Repeat the listing that follows, character for character, minus the pictures.

### Data
★ ★ ★ ★ ★
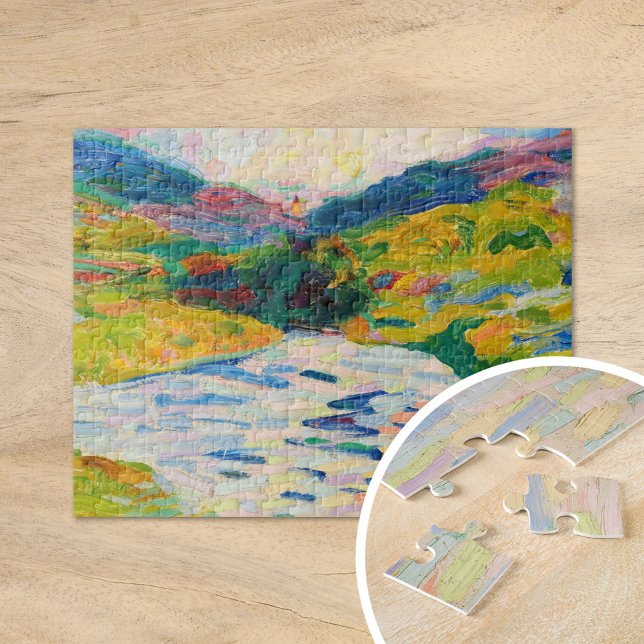 Landscape with a River | Curt Herrmann Jigsaw Puzzle (Creator Uploaded)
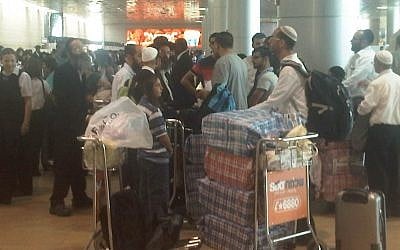 Israelis on the way to Uman. (photo credit: Aaron Kalman)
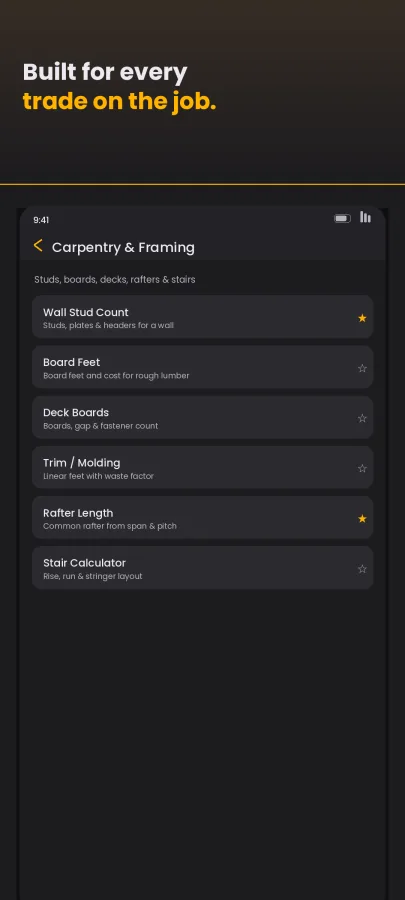 BuildSmith: Construction Calc screenshot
★ ★ ★ ★ ★
### Task answer
 Landscape with a River | Curt Herrmann Jigsaw Puzzle (Creator Uploaded)
 Israelis on the way to Uman. (photo credit: Aaron Kalman)
 BuildSmith: Construction Calc screenshot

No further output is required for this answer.